Grant Barish, MD (Guest): Sure. Thank you very much for speaking with me. So as you said, I'm a member of the division. I joined Northwestern about seven years ago. I have both clinical training and pretty extensive training in molecular biology and animal physiology. So my post-doctoral work predated my recruitment and arrival here at Northwestern Medicine. In terms of my role here, I'm primarily research focused although I do see patients as well. My time split would probably be about 80 or 90% in the lab and the other 10 to 15% seeing patients. I have a weekly clinic actually at one of our affiliates, at the Jesse Brown VA Medical Center where I see patients, veterans, with some of our endocrine fellows and help in their training. I also serve on the inpatient consult service at Northwestern Memorial Hospital for hospitalized patients with endocrine issues usually for a few weeks a year.

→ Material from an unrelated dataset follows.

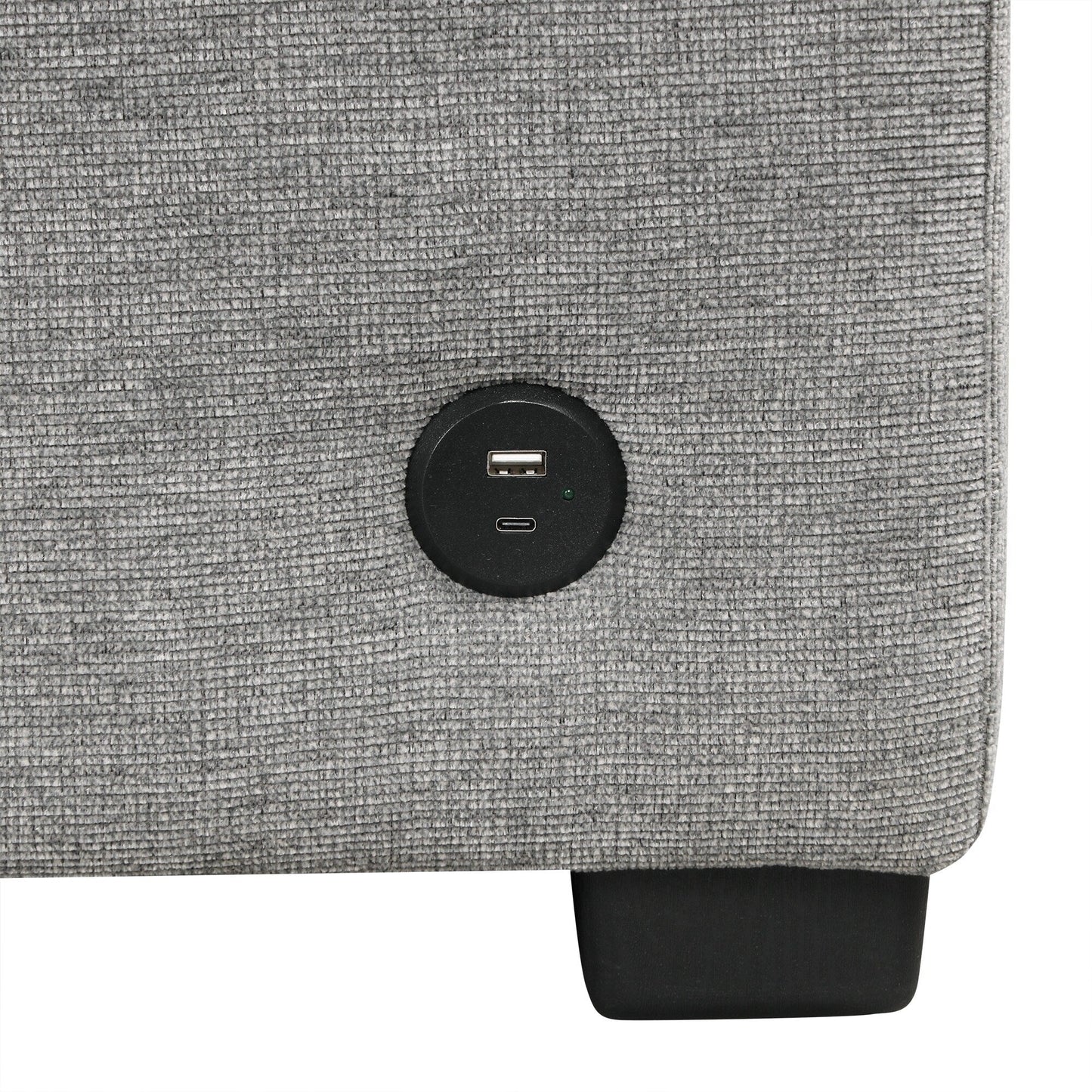 Convertible U-Shaped Sectional Sofa with Pull-Out Bed, USB Ports and Cup Holders for Living Room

Host: Well, you certainly are involved in so many areas of endocrinology. Let’s talk about your research. Give us a broad overview, Dr. Barish, and explain a little bit about these mechanisms of accumulation of fat in the liver.
Dr. Barish: My training and background is really in focusing on proteins that operate in the nucleus. Some of these can be turned on directly by endocrine hormones like thyroid hormone or glucocorticoids that combine to receptors that act directly on DNA, or other transcription factors that may be turned on or turned off that initiate at the cell surface and then culminate by effecting these proteins that control whether genes are turned on or turned off. So in broad terms, I focus on transcriptional regulation by these DNA binding transcription factors and their actions in the nucleus to control whether genes are turned on or turned off.

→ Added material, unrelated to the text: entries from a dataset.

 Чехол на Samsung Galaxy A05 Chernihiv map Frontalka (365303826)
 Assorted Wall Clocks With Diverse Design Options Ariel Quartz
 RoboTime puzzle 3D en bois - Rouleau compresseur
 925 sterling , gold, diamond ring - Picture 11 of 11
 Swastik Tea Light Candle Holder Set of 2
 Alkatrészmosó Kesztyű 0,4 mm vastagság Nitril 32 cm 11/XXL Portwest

It turns out that in a lot of endocrine pathologies in the context of obesity, a lot of changes occur at the level of which genes are turned on or turned off. Some of this may be compensatory because cells and tissues are storing too much energy or too much lipid. Some of these signals or changes can become pathological. So we’re interested in trying to identify and understand these pathways which may be part of the disease, part of the pathogenesis of these disorders that can give rise to insulin resistance or fat accumulation. Some of the pathological changes that you described which can be inflammation of the liver which can lead to cirrhosis or even to liver cancer. As well as pathways that might be therapeutic in effecting the sort of balance of metabolic regulation in a favorable way to hopefully restore or improve changes that can occur with obesity and particularly in the liver to sort of shift this balance towards removing or burning lipid rather than storing it excessively.
Host: In one of your recent studies, Dr. Barish, your team discovered a new function for transcription factor called BCL6. Tell us a little bit about these studies and the results and help us understand those mechanisms that lead to this accumulation so that it’s possible to develop these new treatments. Tell us about the BCL6 inhibition.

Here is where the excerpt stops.